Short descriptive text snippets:
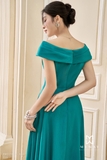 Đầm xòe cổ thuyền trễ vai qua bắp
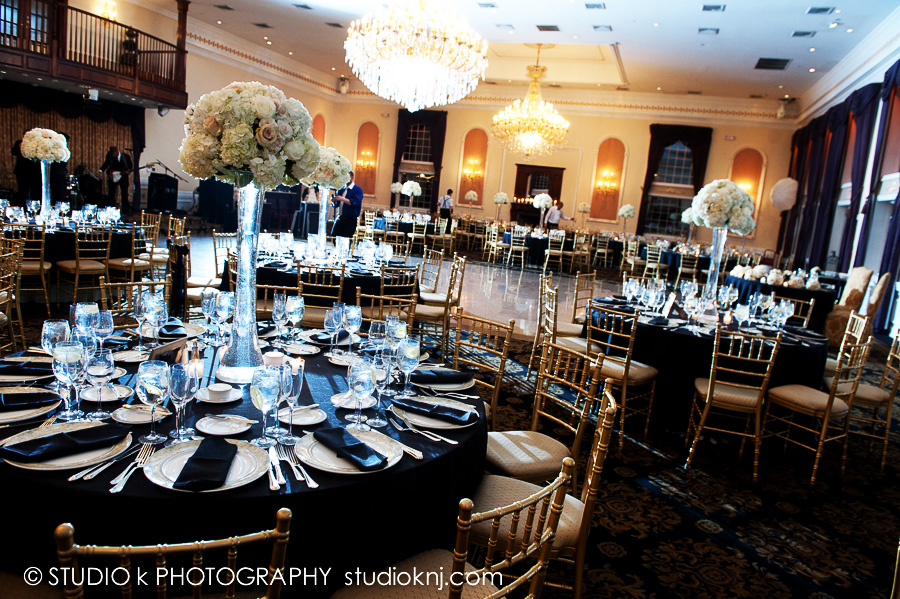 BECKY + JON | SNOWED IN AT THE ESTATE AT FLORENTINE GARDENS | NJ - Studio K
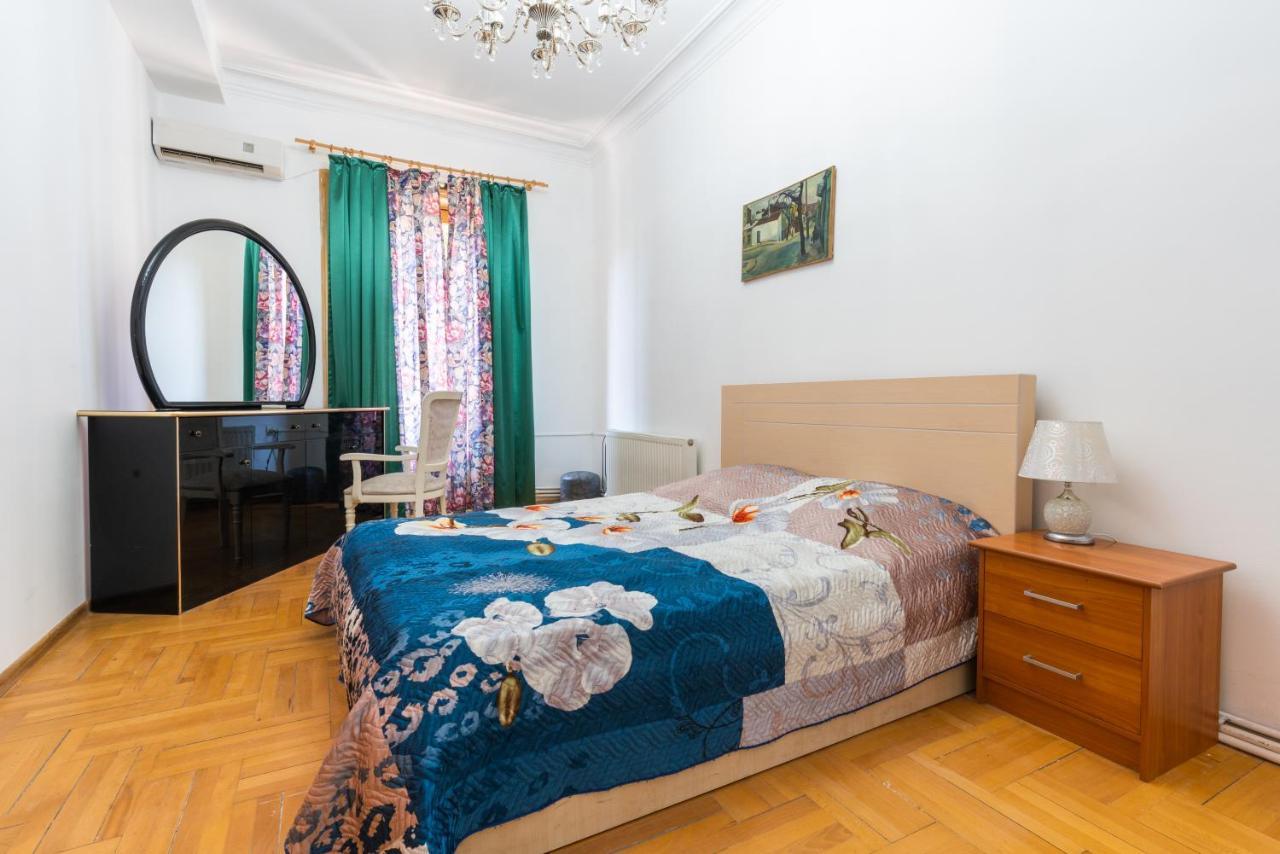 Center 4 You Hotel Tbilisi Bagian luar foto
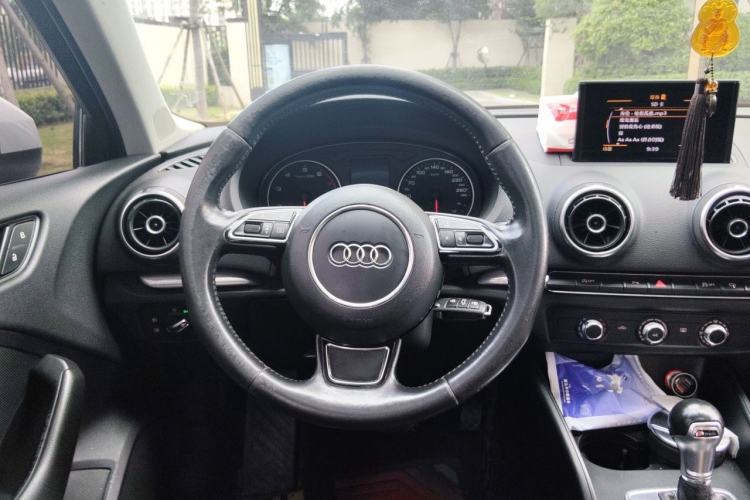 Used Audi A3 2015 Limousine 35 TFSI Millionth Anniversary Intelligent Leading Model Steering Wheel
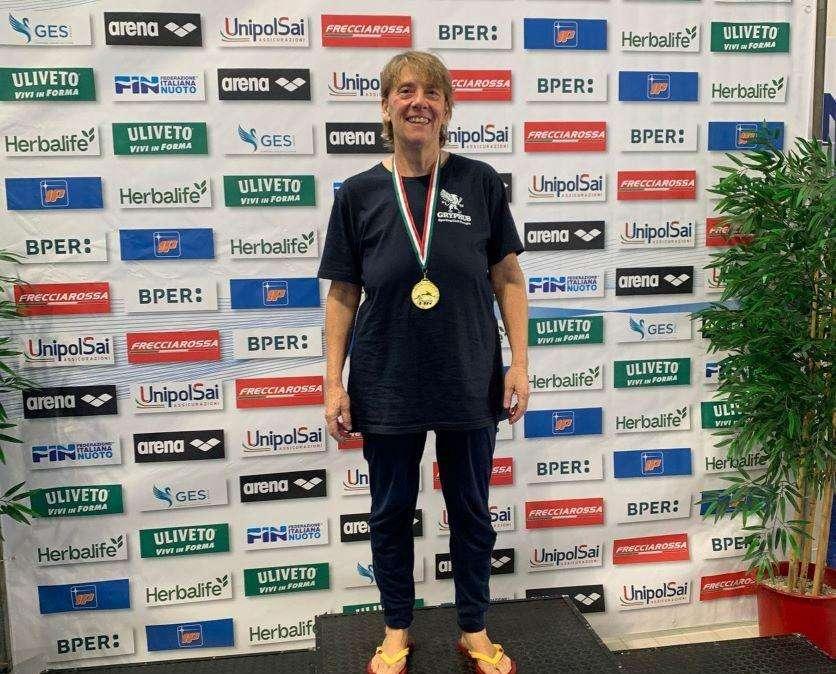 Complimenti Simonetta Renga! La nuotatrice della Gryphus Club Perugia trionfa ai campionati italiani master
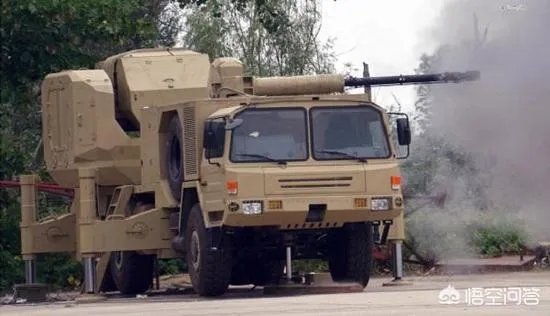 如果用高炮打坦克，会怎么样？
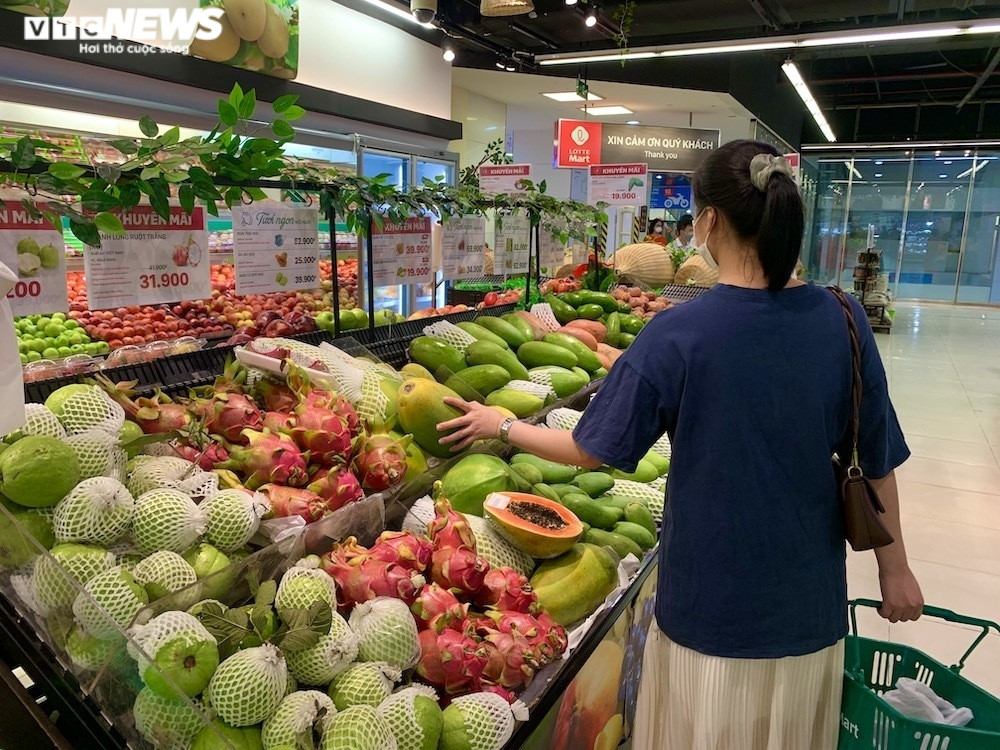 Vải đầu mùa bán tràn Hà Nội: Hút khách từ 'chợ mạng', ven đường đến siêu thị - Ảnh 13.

Task item = Nothing but an exact copy of the data, without pictures, should be returned.

Result =
 Đầm xòe cổ thuyền trễ vai qua bắp
 BECKY + JON | SNOWED IN AT THE ESTATE AT FLORENTINE GARDENS | NJ - Studio K
 Center 4 You Hotel Tbilisi Bagian luar foto
 Used Audi A3 2015 Limousine 35 TFSI Millionth Anniversary Intelligent Leading Model Steering Wheel
 Complimenti Simonetta Renga! La nuotatrice della Gryphus Club Perugia trionfa ai campionati italiani master
 如果用高炮打坦克，会怎么样？
 Vải đầu mùa bán tràn Hà Nội: Hút khách từ 'chợ mạng', ven đường đến siêu thị - Ảnh 13.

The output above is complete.